*ASSIGNMENT*: Write back every line of the listing exactly, excluding images.

*RECORD EXTRACTS*:

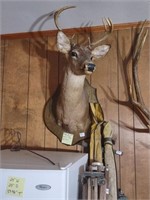 Deer mount. Approx 18"W, 22.5"D, 34"T.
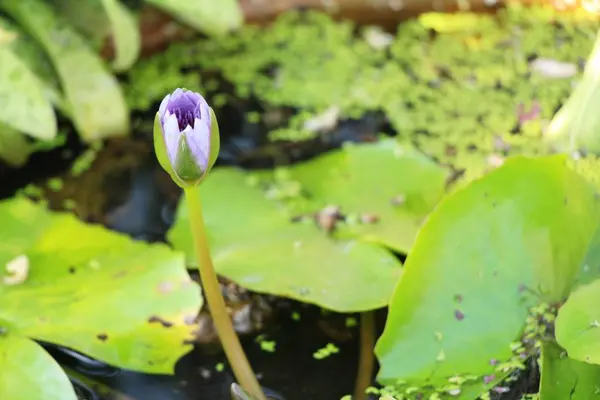 Beautiful lotus in the pond with nature — Stock Photo, Image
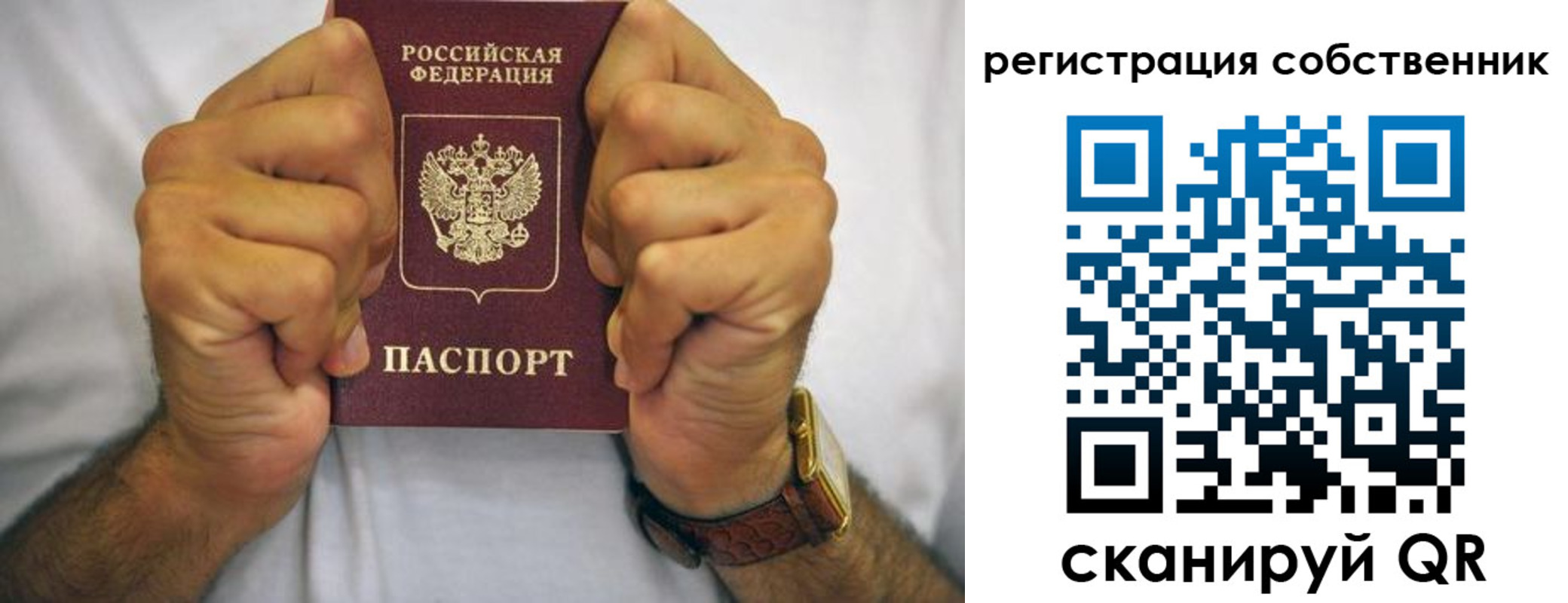 временная регистрация в Курске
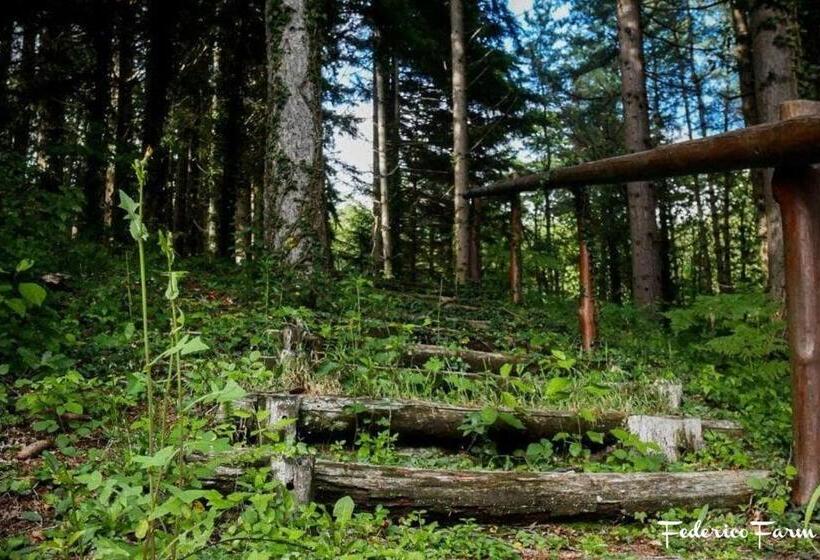 בית מלון כפרי Agriturismo La Casa Del Sarto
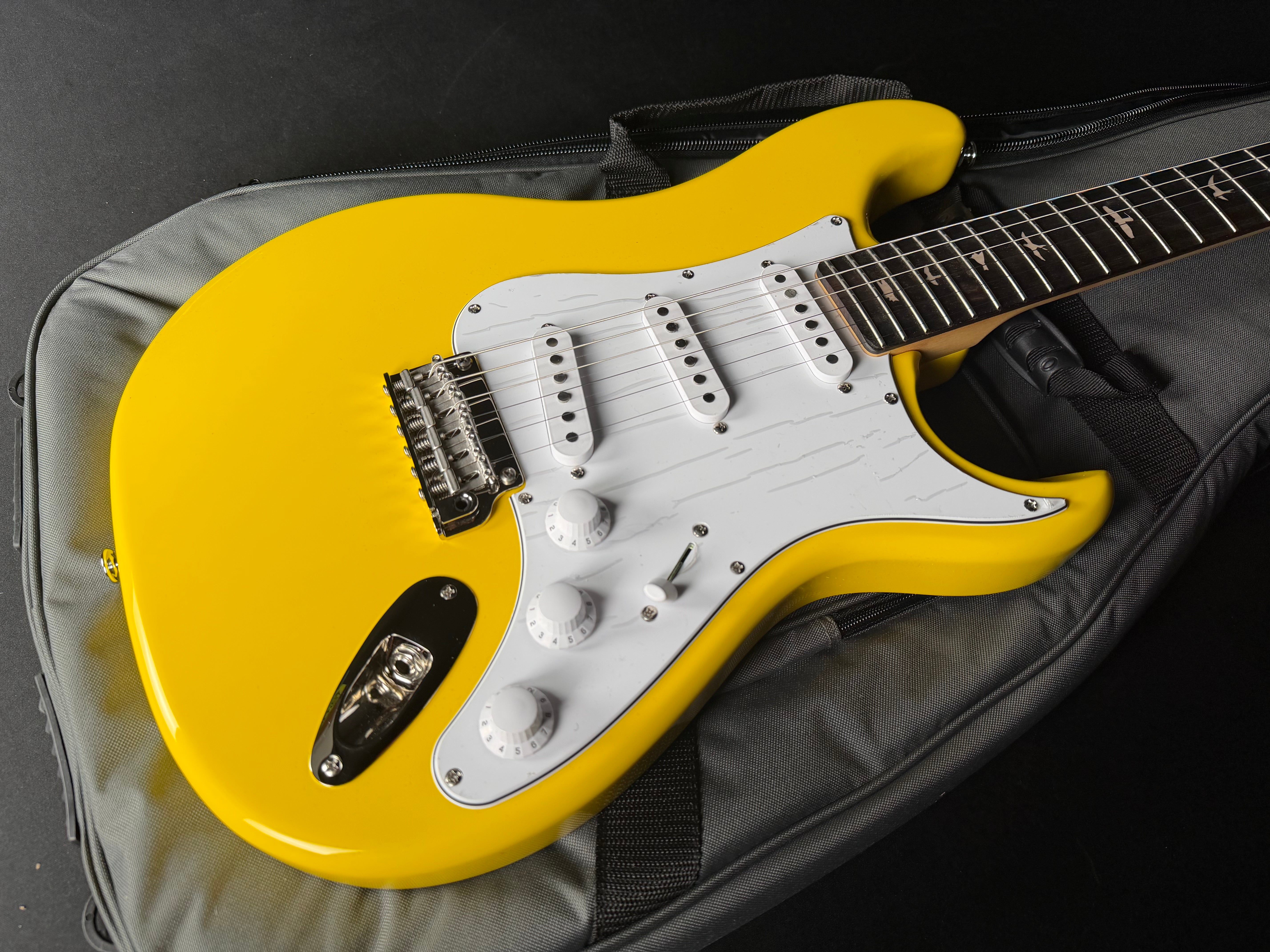 PRS SE Silver Sky with Rosewood Fingerboard - Dany Lion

*RESULT OF THE EXERCISE*:
 Deer mount. Approx 18"W, 22.5"D, 34"T.
 Beautiful lotus in the pond with nature — Stock Photo, Image
 временная регистрация в Курске
 בית מלון כפרי Agriturismo La Casa Del Sarto
 PRS SE Silver Sky with Rosewood Fingerboard - Dany Lion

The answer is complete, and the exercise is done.